• **ASSIGNMENT**
The records follow. Transcribe only the lines from the line containing "Толстовка-худи мужская Ремень" through the end, both ends included, and leave out the pictures.

Segment Start: DATASET ENTRIES

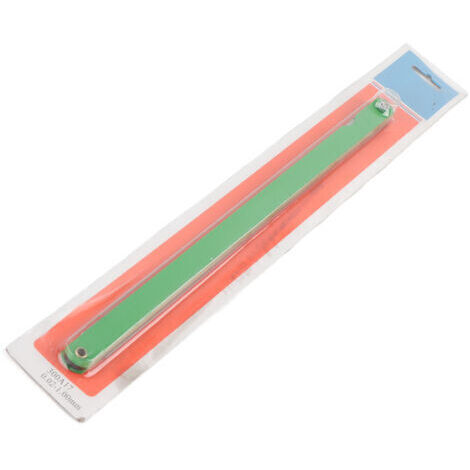 Calibrador de espesores de 300 mm, 17 hojas métricas, herramienta de medición de acero inoxidable para espesores de 0,02 a 1 mm, diseño giratorio y plegable, para motores, bujías y válvulas. (1/4)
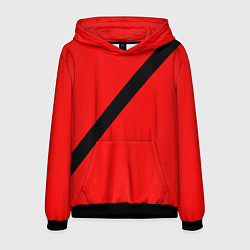 Толстовка-худи мужская Ремень безопасности, красный, цвет: 3D-черный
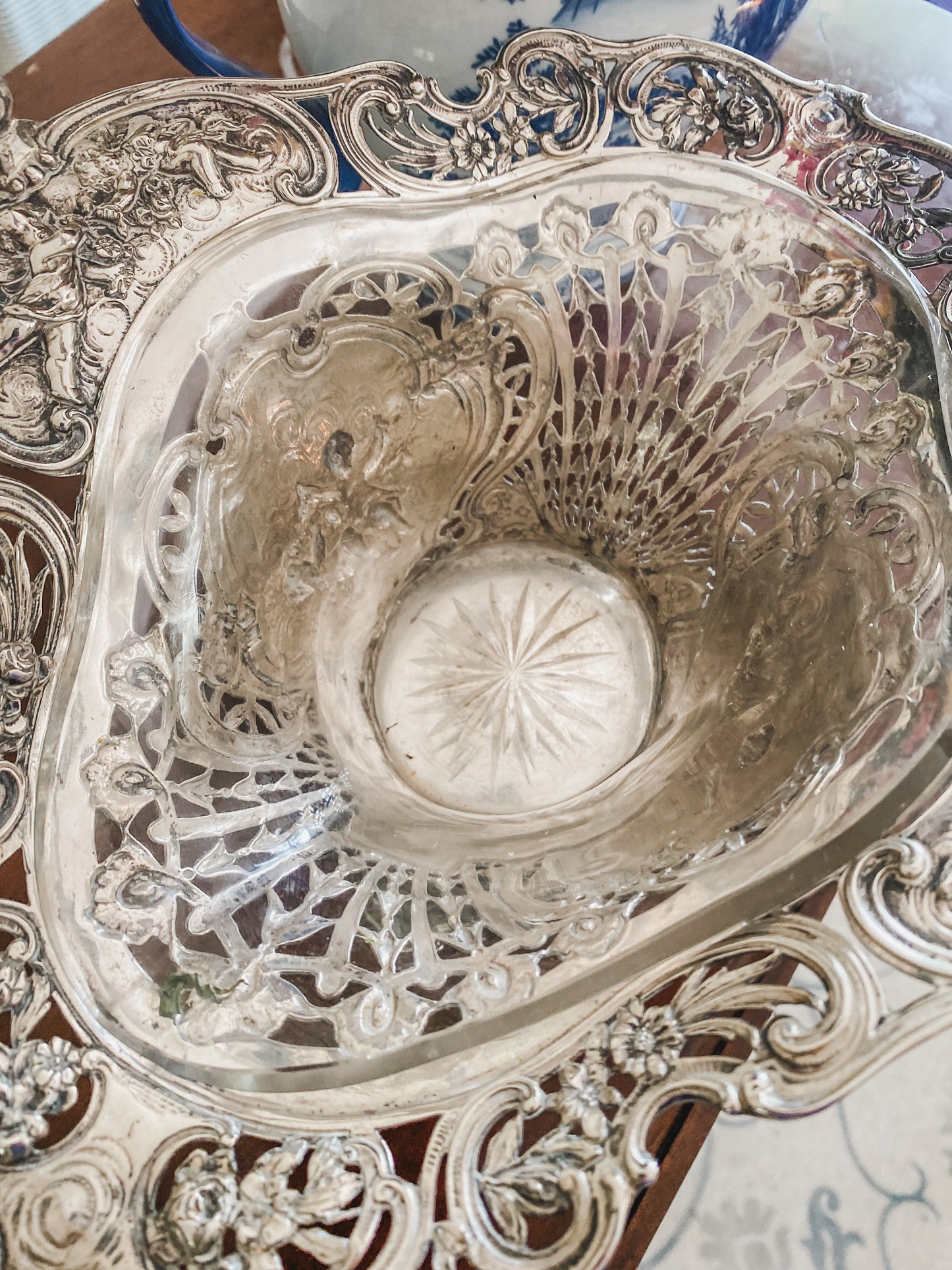 Spectacular 1800's Bridal Basket by Storck & Sinsheimer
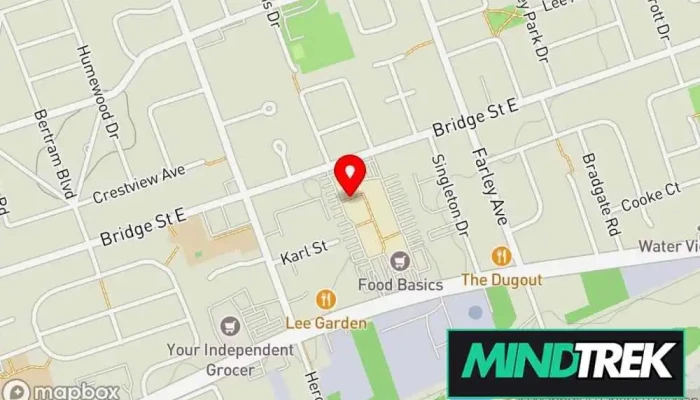 map of Quinte Massage Therapy & Wellness Massage therapist, Foot care, Psychotherapist, Reflexologist, Reiki therapist, Skin care clinic, Wellness center in Belleville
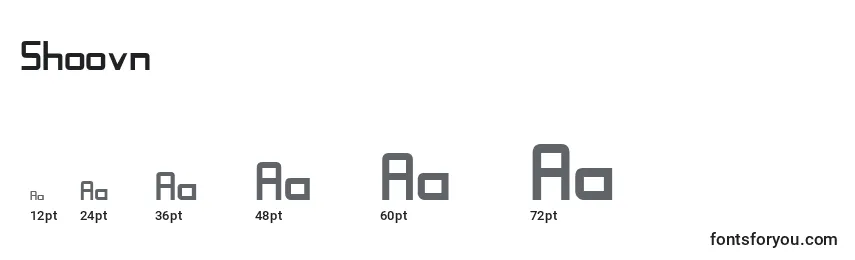 Shoovn Font Sizes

Segment End: DATASET ENTRIES

• **ANSWER SECTION**
 Толстовка-худи мужская Ремень безопасности, красный, цвет: 3D-черный
 Spectacular 1800's Bridal Basket by Storck & Sinsheimer
 map of Quinte Massage Therapy & Wellness Massage therapist, Foot care, Psychotherapist, Reflexologist, Reiki therapist, Skin care clinic, Wellness center in Belleville
 Shoovn Font Sizes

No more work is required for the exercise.